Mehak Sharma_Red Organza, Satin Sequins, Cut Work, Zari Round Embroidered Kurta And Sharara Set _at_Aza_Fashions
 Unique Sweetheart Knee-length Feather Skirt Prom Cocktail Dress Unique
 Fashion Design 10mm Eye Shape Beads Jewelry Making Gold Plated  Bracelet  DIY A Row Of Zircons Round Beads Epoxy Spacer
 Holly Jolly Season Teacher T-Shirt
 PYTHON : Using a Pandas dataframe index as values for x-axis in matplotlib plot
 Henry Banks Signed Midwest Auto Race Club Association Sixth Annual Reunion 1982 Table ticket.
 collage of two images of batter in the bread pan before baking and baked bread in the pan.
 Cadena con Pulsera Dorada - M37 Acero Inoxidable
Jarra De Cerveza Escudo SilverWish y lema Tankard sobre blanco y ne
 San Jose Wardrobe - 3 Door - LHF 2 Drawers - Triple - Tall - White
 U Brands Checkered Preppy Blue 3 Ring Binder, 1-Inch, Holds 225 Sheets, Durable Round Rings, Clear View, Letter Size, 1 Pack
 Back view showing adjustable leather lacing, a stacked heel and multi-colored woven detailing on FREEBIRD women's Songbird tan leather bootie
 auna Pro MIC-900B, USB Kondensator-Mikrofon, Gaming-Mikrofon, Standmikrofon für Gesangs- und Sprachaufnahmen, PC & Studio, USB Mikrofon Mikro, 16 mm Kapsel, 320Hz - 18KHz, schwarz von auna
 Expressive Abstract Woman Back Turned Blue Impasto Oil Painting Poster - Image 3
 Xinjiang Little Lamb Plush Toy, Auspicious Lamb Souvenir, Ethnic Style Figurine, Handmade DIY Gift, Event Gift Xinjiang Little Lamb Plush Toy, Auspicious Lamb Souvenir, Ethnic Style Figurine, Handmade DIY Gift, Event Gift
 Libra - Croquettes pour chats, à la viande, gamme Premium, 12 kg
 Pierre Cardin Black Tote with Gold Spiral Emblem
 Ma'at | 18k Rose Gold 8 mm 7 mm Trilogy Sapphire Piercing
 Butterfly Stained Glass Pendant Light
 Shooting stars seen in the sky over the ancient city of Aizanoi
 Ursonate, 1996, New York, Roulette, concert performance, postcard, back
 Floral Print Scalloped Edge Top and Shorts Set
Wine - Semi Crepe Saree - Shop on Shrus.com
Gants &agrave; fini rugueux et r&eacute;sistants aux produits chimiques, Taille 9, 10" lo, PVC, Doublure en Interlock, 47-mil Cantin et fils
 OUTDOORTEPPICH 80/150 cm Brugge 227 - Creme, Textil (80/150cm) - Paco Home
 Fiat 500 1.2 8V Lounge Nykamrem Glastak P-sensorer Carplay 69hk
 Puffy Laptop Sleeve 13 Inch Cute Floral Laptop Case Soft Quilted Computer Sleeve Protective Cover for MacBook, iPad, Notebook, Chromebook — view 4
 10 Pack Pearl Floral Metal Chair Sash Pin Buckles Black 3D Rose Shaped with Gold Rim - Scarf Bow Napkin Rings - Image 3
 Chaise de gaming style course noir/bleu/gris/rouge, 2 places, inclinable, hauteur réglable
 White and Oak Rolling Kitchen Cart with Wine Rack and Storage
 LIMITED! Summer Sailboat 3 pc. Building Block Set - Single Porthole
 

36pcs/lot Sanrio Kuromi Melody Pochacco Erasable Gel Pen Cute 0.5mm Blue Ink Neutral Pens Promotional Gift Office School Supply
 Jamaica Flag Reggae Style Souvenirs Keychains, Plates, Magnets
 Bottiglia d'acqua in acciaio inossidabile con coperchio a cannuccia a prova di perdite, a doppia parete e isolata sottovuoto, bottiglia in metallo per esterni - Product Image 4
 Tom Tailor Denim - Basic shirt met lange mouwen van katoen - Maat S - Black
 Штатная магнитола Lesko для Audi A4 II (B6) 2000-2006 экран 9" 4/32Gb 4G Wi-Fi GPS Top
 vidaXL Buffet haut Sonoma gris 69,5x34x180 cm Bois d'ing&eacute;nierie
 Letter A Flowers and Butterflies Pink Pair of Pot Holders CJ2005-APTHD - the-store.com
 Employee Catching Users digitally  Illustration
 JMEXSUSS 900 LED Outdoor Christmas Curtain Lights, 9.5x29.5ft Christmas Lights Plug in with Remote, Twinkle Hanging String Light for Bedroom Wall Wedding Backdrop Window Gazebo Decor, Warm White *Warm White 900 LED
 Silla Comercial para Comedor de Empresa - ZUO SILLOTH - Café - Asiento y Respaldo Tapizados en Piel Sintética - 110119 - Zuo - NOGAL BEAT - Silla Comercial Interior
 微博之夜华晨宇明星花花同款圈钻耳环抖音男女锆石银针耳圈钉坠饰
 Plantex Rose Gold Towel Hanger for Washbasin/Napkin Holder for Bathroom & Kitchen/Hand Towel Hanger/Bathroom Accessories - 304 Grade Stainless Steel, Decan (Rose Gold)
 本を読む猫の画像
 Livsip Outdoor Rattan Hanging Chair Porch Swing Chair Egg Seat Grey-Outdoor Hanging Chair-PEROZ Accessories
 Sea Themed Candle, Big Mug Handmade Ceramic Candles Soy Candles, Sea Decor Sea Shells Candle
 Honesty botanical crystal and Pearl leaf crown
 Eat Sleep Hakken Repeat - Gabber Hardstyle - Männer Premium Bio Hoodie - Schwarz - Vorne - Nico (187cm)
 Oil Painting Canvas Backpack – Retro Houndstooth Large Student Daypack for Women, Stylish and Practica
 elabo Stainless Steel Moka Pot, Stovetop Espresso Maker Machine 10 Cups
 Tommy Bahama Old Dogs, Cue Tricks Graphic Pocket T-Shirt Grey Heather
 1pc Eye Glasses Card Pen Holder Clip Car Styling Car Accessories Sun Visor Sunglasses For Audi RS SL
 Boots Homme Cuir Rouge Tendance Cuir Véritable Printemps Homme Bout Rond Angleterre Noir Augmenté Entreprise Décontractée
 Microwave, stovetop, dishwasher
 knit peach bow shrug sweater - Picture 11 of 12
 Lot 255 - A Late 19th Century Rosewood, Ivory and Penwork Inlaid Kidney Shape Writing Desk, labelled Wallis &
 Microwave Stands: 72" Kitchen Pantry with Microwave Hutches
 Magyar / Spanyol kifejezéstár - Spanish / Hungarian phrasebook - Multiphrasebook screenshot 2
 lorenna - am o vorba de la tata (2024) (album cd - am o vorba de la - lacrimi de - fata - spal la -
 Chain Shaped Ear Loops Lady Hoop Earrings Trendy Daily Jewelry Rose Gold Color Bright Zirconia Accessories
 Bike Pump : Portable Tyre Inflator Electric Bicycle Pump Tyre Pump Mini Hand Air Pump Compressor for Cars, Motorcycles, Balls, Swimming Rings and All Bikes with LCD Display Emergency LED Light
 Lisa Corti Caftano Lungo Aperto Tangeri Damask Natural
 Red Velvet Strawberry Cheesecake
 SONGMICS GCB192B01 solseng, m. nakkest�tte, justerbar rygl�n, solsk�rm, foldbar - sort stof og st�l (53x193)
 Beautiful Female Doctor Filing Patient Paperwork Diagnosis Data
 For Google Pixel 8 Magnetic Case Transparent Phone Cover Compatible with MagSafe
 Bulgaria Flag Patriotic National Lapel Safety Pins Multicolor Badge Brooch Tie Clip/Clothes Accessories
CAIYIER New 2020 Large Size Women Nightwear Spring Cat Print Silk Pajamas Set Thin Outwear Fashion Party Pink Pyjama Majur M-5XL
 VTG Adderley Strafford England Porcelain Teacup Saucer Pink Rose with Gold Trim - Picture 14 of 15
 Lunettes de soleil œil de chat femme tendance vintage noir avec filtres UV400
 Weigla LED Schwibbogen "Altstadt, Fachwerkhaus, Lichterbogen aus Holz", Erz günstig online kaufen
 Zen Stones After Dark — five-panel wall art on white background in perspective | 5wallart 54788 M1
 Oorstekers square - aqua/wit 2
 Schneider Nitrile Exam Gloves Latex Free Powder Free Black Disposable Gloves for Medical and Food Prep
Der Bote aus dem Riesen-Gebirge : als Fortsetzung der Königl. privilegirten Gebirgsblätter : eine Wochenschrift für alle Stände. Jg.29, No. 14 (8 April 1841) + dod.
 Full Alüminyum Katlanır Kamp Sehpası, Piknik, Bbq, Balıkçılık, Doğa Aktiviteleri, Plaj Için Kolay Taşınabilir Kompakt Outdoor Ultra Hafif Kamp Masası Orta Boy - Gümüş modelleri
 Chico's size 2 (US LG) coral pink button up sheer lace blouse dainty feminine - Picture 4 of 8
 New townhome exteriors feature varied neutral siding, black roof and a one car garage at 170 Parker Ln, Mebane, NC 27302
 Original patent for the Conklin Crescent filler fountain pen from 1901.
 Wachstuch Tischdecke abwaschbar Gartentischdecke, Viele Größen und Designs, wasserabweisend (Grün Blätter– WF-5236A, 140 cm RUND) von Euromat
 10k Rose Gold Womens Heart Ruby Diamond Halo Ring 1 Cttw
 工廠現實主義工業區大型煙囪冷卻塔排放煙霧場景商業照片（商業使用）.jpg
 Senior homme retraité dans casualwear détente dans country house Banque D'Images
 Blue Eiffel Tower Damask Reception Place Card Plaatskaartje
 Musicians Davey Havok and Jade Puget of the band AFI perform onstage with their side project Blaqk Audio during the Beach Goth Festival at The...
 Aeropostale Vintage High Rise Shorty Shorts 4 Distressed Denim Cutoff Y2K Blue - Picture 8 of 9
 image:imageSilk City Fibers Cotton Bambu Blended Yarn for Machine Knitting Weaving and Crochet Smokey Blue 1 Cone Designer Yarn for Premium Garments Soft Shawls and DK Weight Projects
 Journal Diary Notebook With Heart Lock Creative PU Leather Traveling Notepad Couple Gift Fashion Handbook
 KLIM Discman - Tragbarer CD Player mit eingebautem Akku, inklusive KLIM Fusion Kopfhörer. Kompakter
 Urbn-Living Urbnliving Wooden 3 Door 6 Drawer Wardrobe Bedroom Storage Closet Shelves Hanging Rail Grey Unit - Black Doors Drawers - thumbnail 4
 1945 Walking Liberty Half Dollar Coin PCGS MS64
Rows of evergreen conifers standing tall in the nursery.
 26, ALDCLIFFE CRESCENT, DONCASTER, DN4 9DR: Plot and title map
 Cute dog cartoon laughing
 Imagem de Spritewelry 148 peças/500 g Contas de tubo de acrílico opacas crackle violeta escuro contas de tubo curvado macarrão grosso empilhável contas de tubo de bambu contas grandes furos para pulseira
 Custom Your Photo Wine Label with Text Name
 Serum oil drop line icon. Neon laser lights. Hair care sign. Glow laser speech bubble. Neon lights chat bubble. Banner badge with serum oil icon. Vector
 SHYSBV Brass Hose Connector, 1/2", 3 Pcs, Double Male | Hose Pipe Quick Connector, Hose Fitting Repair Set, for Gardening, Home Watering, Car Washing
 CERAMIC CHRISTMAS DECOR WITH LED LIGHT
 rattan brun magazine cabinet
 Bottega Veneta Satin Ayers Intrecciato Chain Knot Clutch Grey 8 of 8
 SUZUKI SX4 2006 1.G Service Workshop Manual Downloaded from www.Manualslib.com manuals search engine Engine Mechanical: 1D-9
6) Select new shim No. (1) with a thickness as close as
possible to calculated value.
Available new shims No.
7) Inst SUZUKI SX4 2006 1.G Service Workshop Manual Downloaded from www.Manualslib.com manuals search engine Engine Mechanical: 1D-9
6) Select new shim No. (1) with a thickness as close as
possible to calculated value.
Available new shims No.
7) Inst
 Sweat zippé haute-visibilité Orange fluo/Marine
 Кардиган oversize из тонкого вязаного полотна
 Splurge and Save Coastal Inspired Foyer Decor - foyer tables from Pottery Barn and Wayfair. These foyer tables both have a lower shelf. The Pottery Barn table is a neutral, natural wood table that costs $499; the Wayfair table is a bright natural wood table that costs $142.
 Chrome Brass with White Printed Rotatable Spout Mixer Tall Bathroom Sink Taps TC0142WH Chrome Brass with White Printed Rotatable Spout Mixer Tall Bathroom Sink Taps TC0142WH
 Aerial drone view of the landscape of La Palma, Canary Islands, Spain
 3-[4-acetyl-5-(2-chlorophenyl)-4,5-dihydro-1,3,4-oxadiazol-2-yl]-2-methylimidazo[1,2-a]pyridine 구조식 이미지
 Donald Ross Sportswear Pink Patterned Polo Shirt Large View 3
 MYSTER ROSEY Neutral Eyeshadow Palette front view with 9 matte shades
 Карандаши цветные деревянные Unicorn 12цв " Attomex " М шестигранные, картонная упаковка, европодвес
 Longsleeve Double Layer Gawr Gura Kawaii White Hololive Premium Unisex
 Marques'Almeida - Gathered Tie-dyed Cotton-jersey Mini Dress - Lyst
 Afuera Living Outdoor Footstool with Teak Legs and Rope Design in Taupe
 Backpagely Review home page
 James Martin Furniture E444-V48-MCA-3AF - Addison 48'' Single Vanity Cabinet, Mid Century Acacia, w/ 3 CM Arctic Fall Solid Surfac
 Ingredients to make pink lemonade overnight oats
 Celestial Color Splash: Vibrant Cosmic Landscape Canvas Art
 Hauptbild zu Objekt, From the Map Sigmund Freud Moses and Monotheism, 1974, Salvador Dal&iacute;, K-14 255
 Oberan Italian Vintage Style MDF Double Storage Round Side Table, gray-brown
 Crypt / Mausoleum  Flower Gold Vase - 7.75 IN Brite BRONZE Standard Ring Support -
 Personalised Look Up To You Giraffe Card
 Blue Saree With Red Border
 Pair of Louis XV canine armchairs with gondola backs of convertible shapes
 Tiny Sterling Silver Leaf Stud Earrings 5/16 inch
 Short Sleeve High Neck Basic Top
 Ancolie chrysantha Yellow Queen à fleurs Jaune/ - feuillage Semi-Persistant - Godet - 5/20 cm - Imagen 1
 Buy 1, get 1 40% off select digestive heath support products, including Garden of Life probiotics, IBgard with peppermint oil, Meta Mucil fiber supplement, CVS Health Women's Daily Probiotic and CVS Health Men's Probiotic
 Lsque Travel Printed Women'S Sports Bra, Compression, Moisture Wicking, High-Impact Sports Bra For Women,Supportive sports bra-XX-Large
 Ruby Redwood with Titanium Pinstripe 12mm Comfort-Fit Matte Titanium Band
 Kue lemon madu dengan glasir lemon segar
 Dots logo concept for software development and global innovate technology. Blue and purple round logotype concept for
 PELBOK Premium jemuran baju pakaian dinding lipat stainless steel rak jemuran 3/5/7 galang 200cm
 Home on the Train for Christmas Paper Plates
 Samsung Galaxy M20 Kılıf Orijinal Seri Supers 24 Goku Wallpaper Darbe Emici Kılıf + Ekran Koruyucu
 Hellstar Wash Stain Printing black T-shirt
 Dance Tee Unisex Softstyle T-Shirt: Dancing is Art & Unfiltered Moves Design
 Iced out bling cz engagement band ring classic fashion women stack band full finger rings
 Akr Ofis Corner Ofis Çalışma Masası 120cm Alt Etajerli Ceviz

________________

*Exercise*
Find every line above that includes the word "SUZUKI", then state how many there are and nothing more.

*Response*
2